An 8-year-old Israeli wins the European Chess Championship. Let’s talk money now.

Noam Sason, 8, won the European School Chess Championship for children under 9 in Rhodes, Greece. He scored 7 out of 9 and beat players from Turkey, Greece, Georgia, Romania and Ukraine.

Spectators at the 2016 World Chess Championship game in New York’s South Street Seaport

Noam’s success follows his other achievements in chess, as well as the support of his parents. Family support, both moral and financial, seems to be a requirement for young children to excel at chess. This contradicts the common thought that chess, unlike sports that require expensive equipment, such as golf or hockey, is immune to financial barriers. You always need money, apparently. We’ve spoken with chess professionals to try to figure out how much it costs to raise a chess champion, and here’s our napkin budget-scheme.

“If the kid won the U9 championship, he’s probably been studying chess since he was five,” says Nikita Kim, founder of a chess education startup. “At this age talent is predominant and most kids had similar amounts of training, usually two or three hours a week in groups and probably an hour or two a week individually.” After the age of 10, talent is phenomenally important, but the hours you put into your chess career make a difference, and I think those who have made a conscious decision to become chess professionals will the difference,” says Kim.
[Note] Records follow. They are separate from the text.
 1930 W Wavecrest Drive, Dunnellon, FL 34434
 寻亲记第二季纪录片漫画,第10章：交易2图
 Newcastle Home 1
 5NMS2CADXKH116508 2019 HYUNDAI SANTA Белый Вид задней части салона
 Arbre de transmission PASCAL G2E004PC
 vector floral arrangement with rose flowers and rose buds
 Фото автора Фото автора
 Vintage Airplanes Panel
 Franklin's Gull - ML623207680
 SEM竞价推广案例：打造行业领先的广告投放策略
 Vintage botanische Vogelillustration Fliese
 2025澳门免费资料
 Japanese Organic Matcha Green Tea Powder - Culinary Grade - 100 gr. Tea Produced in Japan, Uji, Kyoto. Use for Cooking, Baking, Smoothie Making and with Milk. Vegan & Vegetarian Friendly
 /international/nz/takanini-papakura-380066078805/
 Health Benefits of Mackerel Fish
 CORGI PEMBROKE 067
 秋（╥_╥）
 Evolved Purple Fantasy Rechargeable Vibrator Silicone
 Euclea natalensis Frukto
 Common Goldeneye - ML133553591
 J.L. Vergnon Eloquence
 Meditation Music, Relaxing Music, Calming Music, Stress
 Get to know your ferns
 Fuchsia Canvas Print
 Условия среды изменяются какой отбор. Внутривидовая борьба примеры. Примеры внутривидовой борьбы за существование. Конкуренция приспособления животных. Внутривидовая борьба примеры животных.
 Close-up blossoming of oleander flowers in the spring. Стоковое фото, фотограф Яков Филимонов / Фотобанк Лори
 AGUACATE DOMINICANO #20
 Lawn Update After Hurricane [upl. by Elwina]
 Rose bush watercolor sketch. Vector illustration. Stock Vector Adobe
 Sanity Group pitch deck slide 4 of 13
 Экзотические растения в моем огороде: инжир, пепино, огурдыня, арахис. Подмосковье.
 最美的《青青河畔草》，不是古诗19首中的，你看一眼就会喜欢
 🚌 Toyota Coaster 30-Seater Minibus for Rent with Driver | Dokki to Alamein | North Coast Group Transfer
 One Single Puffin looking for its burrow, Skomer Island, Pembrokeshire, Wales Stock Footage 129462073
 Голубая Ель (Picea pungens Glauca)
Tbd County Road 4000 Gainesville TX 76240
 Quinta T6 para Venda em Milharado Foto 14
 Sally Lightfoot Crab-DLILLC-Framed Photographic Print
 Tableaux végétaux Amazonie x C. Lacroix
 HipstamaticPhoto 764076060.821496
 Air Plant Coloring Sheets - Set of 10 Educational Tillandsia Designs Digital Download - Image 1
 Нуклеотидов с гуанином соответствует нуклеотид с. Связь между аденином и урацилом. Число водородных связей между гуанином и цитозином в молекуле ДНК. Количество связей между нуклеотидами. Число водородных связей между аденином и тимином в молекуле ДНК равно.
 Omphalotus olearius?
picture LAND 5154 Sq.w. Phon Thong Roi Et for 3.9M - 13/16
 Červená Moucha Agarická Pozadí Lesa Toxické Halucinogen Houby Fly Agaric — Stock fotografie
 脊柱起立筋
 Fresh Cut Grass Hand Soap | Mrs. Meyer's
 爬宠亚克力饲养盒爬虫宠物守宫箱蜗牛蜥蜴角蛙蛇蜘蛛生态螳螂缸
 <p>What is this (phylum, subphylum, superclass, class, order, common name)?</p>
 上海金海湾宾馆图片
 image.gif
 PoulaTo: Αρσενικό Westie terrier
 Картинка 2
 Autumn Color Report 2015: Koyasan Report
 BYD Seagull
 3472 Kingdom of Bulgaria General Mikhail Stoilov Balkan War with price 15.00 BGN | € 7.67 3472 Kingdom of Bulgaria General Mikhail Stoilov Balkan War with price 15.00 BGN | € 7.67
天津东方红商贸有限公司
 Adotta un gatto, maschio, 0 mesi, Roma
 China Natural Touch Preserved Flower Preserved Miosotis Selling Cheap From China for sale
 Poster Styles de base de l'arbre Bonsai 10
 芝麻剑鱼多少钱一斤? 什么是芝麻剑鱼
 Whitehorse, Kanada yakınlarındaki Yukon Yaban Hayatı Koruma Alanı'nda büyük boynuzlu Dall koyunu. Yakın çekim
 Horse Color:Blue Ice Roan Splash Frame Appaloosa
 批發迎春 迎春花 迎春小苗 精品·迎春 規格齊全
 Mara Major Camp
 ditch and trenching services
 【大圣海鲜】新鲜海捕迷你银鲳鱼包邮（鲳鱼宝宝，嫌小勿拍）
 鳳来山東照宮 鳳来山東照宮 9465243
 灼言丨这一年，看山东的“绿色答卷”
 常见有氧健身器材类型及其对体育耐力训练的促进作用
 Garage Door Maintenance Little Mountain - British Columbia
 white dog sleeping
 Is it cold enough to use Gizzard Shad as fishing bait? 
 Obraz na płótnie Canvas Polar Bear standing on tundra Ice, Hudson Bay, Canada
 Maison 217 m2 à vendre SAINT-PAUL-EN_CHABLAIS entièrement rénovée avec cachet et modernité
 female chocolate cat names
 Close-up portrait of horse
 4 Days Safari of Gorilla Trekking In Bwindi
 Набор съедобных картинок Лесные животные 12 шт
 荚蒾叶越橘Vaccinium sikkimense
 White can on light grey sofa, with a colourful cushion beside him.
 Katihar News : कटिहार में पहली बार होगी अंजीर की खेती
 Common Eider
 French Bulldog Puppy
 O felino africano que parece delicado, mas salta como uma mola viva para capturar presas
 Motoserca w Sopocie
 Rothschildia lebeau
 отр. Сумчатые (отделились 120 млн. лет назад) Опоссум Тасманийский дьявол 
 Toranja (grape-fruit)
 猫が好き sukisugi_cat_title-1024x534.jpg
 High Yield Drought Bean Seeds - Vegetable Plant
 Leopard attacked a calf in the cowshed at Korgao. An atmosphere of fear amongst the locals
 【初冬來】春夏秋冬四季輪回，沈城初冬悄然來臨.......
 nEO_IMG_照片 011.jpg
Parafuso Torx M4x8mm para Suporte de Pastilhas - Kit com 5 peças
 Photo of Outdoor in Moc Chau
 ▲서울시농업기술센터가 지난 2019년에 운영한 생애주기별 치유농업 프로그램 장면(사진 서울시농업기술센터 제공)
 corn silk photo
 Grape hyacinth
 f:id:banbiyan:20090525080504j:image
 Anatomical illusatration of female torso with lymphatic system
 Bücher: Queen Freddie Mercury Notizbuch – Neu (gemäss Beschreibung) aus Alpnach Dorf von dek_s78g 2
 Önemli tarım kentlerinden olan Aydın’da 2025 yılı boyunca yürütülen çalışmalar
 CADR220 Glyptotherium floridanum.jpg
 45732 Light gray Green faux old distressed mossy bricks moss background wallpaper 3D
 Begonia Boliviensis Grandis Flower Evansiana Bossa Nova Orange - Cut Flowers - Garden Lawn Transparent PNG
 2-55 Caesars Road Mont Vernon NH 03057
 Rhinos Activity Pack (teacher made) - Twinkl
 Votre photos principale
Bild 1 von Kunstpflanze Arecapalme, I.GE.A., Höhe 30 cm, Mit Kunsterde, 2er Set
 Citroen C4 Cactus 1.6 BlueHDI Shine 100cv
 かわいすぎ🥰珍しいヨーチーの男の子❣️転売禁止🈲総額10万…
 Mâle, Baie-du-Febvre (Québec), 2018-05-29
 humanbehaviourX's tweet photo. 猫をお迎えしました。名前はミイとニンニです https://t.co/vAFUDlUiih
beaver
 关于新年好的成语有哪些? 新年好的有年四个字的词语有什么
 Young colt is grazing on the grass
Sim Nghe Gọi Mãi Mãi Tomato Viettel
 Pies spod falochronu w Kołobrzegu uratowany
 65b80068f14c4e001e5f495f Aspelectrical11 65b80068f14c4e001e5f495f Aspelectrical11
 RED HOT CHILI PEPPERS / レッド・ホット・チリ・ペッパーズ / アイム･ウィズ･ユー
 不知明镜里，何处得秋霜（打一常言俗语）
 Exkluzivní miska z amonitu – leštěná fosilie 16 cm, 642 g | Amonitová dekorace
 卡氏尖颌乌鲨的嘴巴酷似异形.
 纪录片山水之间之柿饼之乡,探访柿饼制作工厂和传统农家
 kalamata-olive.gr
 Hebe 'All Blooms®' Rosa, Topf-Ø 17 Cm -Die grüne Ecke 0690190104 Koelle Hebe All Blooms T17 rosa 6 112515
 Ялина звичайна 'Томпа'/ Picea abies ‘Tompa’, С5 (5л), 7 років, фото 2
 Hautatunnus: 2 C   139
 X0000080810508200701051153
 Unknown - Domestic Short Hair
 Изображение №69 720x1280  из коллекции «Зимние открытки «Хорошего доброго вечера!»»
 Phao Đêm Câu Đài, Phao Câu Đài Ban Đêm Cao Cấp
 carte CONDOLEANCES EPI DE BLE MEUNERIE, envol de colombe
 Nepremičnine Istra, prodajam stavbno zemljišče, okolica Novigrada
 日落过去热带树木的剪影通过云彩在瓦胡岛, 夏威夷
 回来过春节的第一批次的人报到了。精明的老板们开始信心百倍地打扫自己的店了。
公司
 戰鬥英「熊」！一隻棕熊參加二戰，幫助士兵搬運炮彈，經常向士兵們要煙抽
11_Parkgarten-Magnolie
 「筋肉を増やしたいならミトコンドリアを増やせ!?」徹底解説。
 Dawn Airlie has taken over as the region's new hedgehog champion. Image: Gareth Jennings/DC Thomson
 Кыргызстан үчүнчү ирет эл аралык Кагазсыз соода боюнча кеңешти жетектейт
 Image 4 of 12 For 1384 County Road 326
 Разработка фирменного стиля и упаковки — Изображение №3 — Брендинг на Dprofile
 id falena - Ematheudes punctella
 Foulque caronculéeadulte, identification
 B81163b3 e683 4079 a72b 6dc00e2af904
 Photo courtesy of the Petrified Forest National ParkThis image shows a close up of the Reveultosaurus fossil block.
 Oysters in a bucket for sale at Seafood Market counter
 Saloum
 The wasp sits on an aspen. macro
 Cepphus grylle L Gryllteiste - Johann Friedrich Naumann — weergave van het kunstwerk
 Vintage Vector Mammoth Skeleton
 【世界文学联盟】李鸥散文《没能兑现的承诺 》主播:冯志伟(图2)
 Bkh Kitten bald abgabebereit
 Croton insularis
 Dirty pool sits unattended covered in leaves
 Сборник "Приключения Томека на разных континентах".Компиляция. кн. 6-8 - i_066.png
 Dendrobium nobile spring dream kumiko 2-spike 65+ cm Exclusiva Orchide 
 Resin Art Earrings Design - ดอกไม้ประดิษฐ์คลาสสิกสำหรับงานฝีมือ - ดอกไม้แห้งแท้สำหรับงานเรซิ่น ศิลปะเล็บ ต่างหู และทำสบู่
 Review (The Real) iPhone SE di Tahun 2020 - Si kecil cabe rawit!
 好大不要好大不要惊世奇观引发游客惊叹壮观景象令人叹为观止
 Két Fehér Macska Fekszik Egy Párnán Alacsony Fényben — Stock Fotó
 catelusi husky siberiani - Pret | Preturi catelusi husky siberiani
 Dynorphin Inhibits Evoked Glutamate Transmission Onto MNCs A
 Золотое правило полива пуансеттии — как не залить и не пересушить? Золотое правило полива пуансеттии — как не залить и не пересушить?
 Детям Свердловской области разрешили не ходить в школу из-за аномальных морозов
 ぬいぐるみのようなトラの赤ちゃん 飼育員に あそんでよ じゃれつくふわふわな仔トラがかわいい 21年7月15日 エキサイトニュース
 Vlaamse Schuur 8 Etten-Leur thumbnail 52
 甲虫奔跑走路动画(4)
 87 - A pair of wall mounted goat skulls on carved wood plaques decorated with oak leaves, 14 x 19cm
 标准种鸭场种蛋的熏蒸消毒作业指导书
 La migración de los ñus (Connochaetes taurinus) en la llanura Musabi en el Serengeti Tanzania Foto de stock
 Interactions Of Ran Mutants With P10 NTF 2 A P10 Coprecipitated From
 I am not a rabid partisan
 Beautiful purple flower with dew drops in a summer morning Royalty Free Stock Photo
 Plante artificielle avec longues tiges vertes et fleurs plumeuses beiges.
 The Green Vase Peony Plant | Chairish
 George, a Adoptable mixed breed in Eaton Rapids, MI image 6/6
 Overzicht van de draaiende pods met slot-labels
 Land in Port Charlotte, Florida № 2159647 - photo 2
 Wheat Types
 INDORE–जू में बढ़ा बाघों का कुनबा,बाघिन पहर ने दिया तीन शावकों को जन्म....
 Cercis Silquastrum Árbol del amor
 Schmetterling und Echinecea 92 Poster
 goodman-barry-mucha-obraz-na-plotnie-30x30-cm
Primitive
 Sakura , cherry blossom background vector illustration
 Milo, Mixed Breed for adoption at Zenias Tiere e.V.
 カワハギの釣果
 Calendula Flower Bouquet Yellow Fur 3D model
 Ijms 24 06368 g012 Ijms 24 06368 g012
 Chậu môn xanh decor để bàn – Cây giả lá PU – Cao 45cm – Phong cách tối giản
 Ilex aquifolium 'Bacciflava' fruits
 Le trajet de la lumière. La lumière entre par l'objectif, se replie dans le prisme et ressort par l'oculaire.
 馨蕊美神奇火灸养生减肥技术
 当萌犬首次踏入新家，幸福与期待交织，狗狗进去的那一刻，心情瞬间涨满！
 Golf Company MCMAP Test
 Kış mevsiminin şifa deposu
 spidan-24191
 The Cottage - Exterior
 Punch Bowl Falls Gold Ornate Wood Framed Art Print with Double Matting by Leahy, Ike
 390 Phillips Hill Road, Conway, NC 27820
The average group chess lesson for kids can cost around $250 per month, and individual sessions range from $15 to $50 per hour depending on the country. Parents should also attend tournaments at least twice a year, so their children can play in a competitive setting. The average cost of a tournament, including travel and hospitality, is around $1,200 for a family.

Calculation (per year)

Costs Rising
group training $3,000
Individual training $2,000
Tournaments $2,400
Study Aids $200
Total per year $7,600

Sure, chess has proven educational benefits aside from the chance to become a world champion, but it seems the sport has financial barriers to entry: it requires a parent’s commitment to spend at least $22,000 over three years as well as investing time in going to tournaments to give their children a chance to become a chess player.